Although many strategies for accomplishing this have been advanced, few have undergone scientific scrutiny. Biodiversity is the result of 3. It is increasing with the increase in population.

Many fruits and vegetables require pollinators, thus pollination services are critical to the production of a considerable portion of the vitamins and minerals in the human diet. Screening allows us to determine more systematically the present and potential uses of organisms for appropriate human purposes.

Provisioning services which involve the production of renewable resources e.

Executive Summary

Development agencies should place greater emphasis on, and assume a stronger role in, systematizing the local knowledge base—indigenous knowledge, "gray literature," anecdotal information. For non-cultivated species, genetic diversity is threatened mainly by overexploitation, as well as habitat destruction and fragmentation.

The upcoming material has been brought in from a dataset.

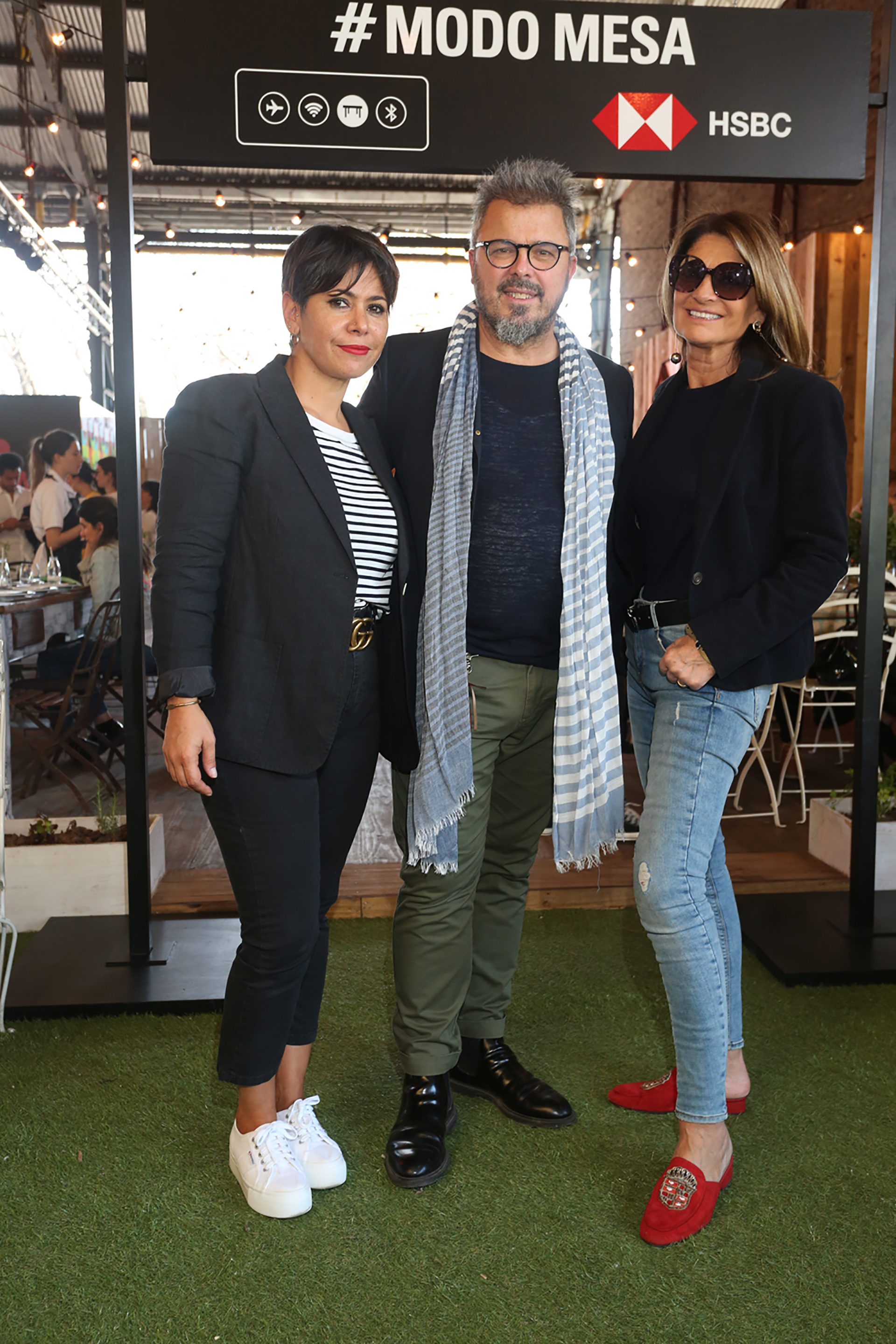 Donato de Santis junto a su mujer y Teresa Calandra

This research should build greater understanding about the relationship between biodiversity and local systems of knowledge and resource use, and should translate this understanding into useful policy and program tools.

Progress toward truly sustainable land use systems requires information on the effect of management options on the ecosystem dynamics, and this information can be gained only through long-term research. Seed banks provide suitable conditions to keep different types of seeds alive for as long as possible.

Habitat destruction is a major cause for biodiversity loss. So a large number of resources and species are traditionally conserved in India.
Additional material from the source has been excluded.